Training RNN on GPU

Hi

I’m training an RNN with LSTM cell. It works when I run the model on CPU, but when I load the model and the data on GPU like:

seq = Sequence()
seq.cuda()
input = Variable(torch.from_numpy(data).cuda())
out = seq(input)

and then I get the error:

TypeError: addmm_ received an invalid combination of arguments - got (int, int, torch.FloatTensor,
torch.cuda.FloatTensor), but expected one of:

  • (torch.FloatTensor mat1, torch.FloatTensor mat2)
  • (torch.SparseFloatTensor mat1, torch.FloatTensor mat2)
  • (float beta, torch.FloatTensor mat1, torch.FloatTensor mat2)
  • (float alpha, torch.FloatTensor mat1, torch.FloatTensor mat2)
  • (float beta, torch.SparseFloatTensor mat1, torch.FloatTensor mat2)
  • (float alpha, torch.SparseFloatTensor mat1, torch.FloatTensor mat2)
  • (float beta, float alpha, torch.FloatTensor mat1, torch.FloatTensor mat2)
    didn’t match because some of the arguments have invalid types: (int, int, torch.FloatTensor, !torch.cuda.FloatTensor!)
  • (float beta, float alpha, torch.SparseFloatTensor mat1, torch.FloatTensor mat2)
    didn’t match because some of the arguments have invalid types: (int, int, !torch.FloatTensor!, !torch.cuda.FloatTensor!)

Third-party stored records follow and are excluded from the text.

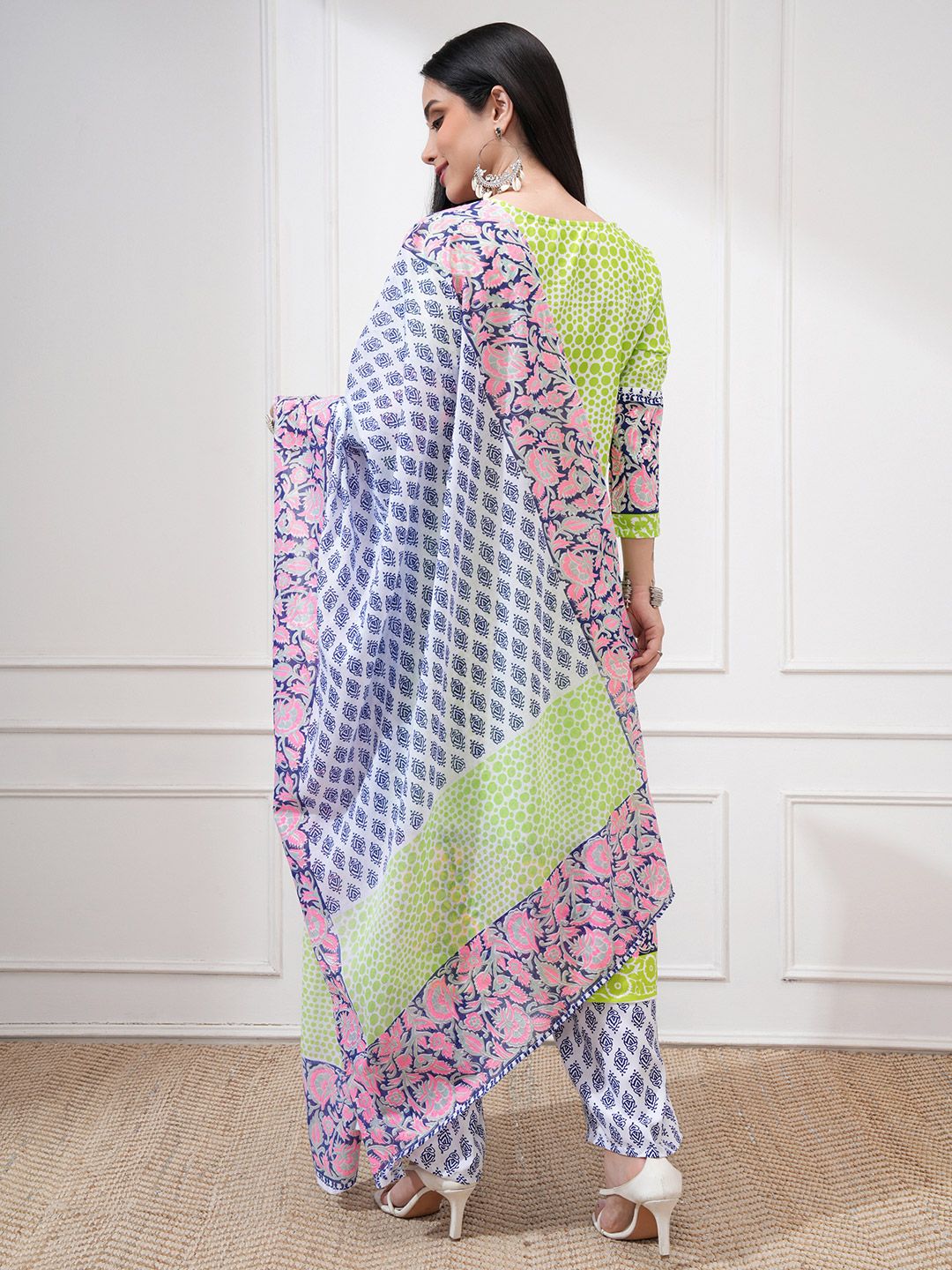 Vishudh Women Green Printed Kurti with Palazzos & With Dupatta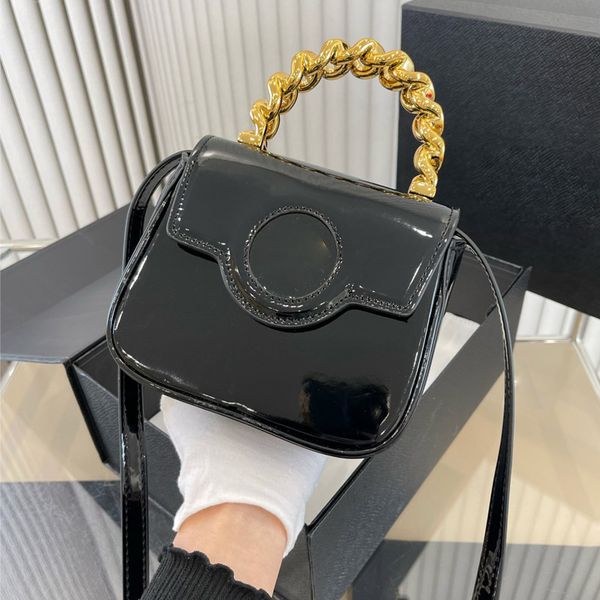 

mini clutch bag lady handbag purse flip shoulder crossbody bags chain handle metal figure fashion letter wallets genuine leather long strap
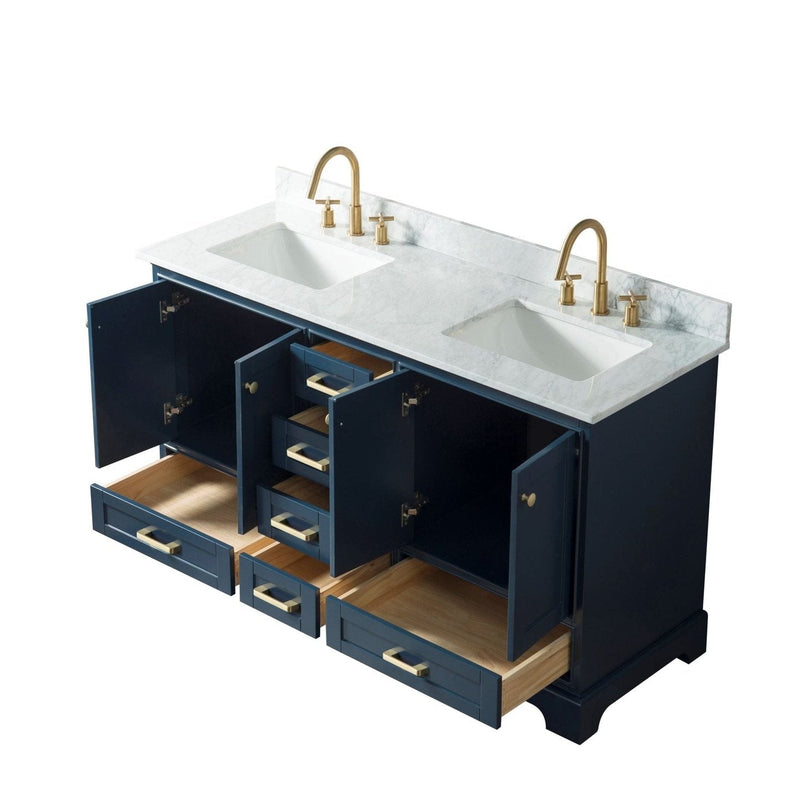 Legion Furniture WS3360-B 60 Inch Solid Wood Sink Vanity Without Faucet in Blue - Backyard Provider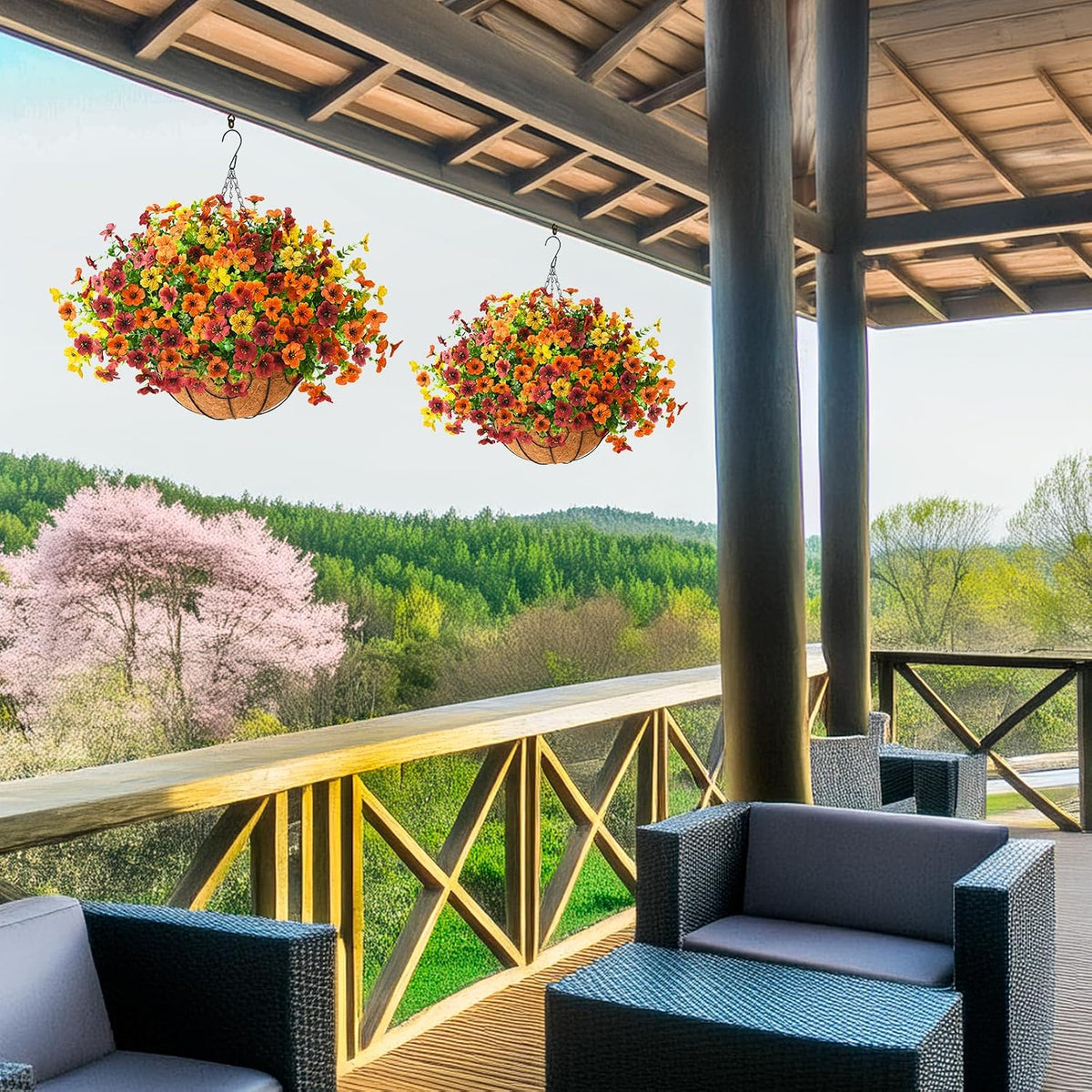 Artificial Fall Hanging Flowers Basket, UV Resistant Mums for Outdoors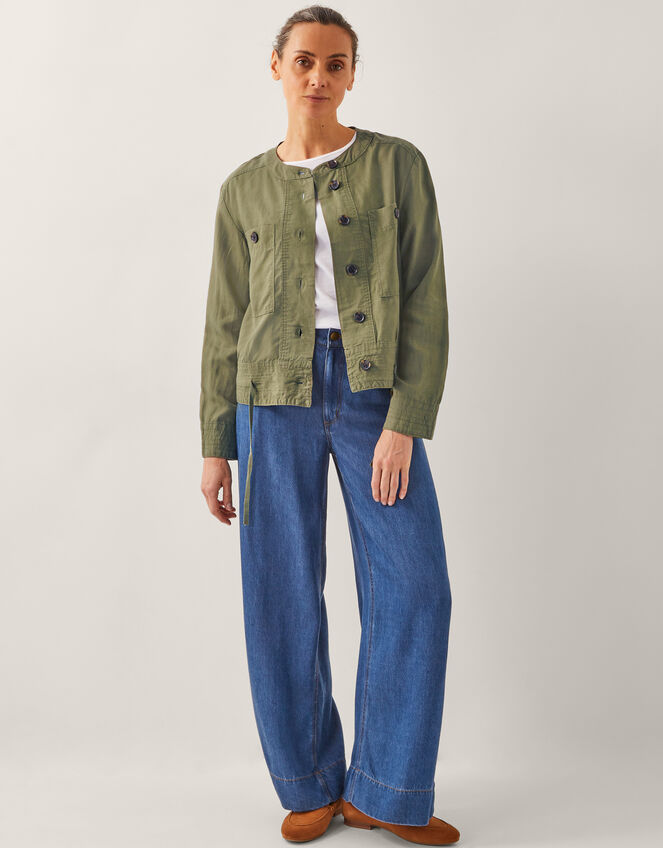 Cally Linen Blend Cropped Bomber Jacket, Green (KHAKI), large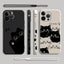 Peeking Black Cat Phone Case With Side Paw Print Design and Wrist Lanyard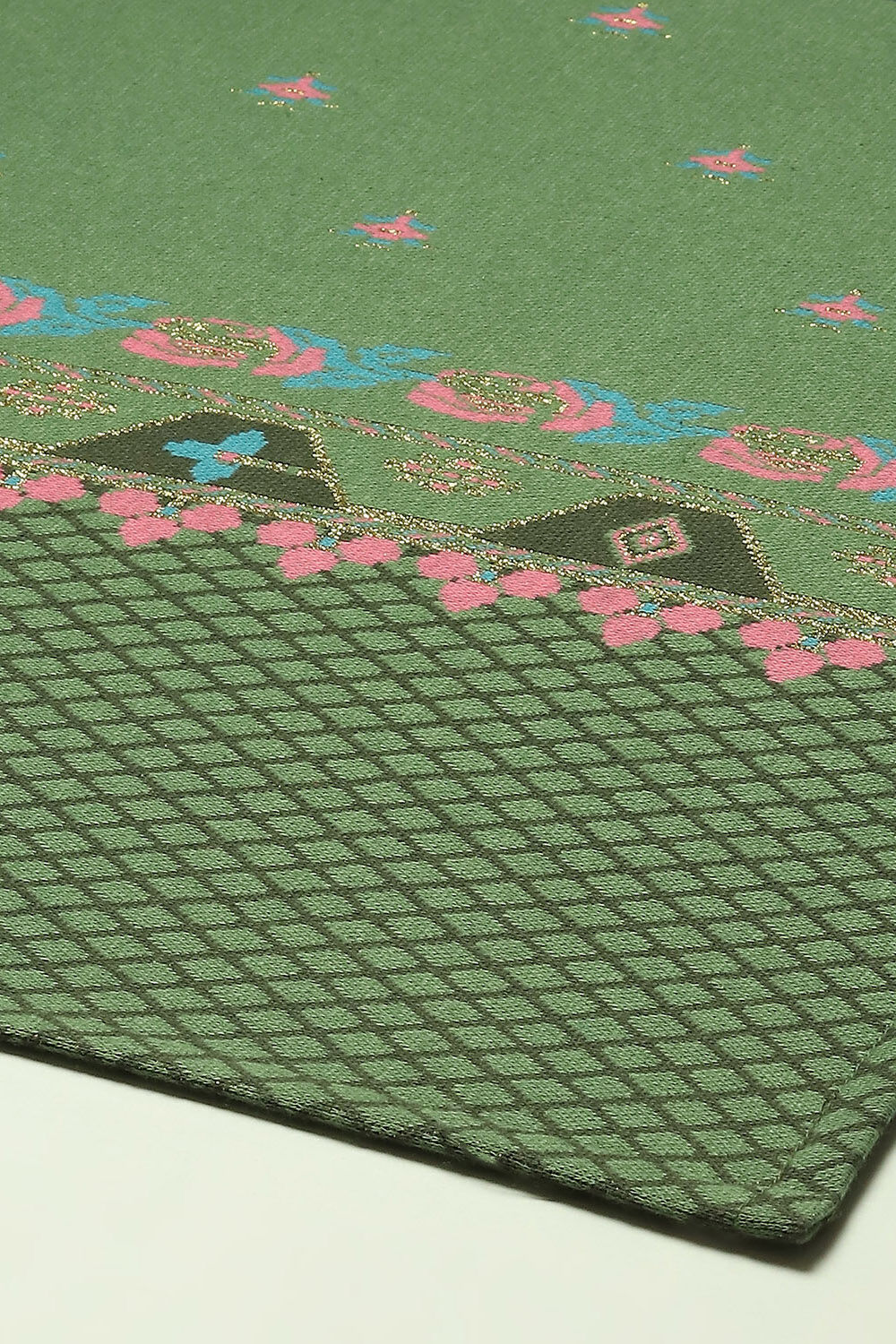 Green Cotton Blend Straight Printed Kurta Palazzo Suit Set image number 3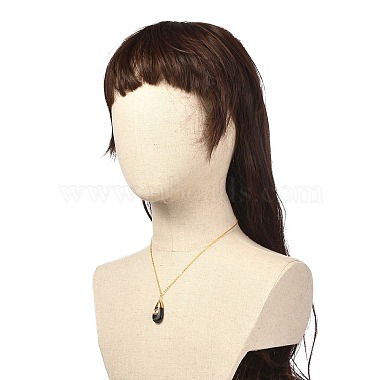 Collier pendentif en agate noire naturelle en fil de laiton enveloppé de larme et boucles d'oreilles pendantes(SJEW-JS01219)-7
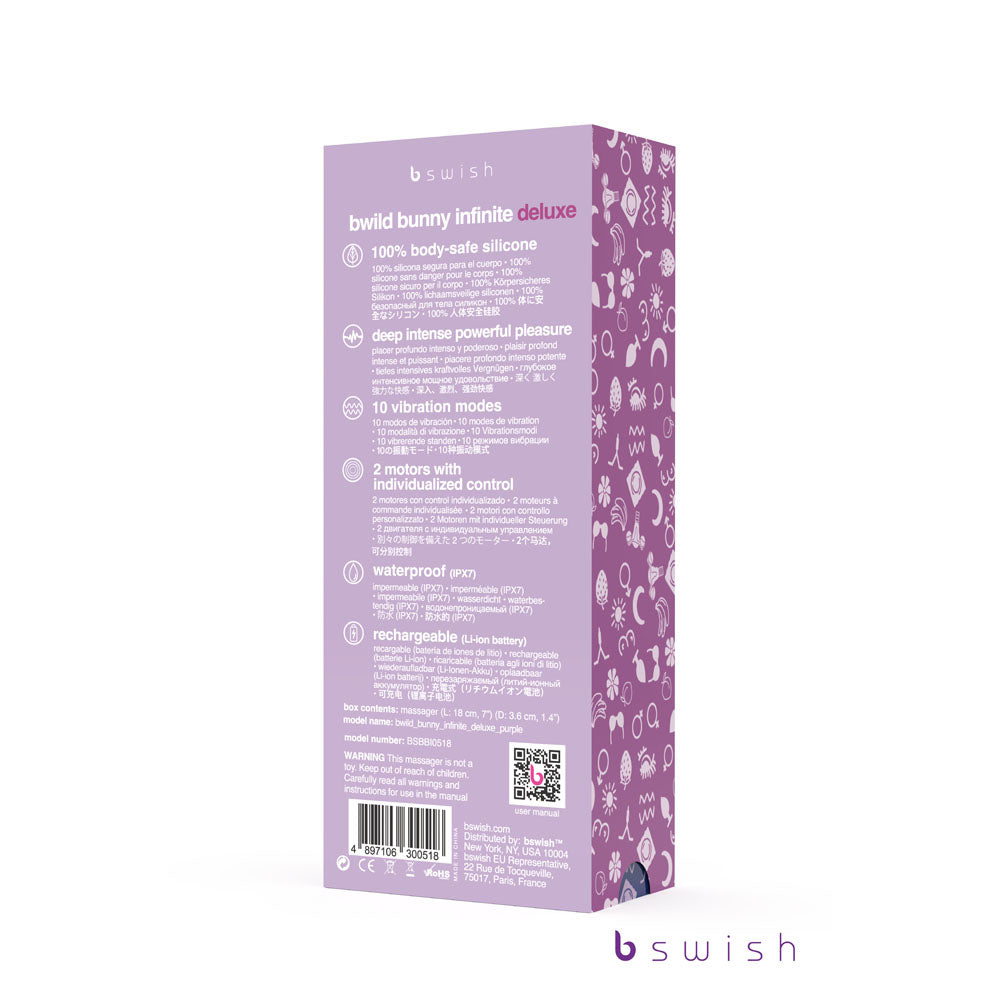 Bwild Bunny Infinite Deluxe 19.3cm Rabbit Vibrator | Dual Stimulation > Vibrators > Ladies > Rabbit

It seems like the input is not on GPU, but when I output the variable the datatype is

[torch.cuda.DoubleTensor of size 7x6 (GPU 0)]

So how can I fix the problem?

Thank you.

If you implement your own nn.Module, which includes some parameters inside. You should declare it as Parameters to let nn.Module.cuda() transfer the parameters into GPU memory.

Can you give a example? Thank you.

Hi, there is not enough information about Sequence() but I think hidden weight is not cuda.FloatTensor but FloatTensor . It might be the cause of that problem.

Here’s the source code for nn.Module.cuda():
http://pytorch.org/docs/_modules/torch/nn/modules/module.html#Module.cuda

In short, it iterates all the sub-modules and nn.Parameters, and calls the .cuda() method recursively.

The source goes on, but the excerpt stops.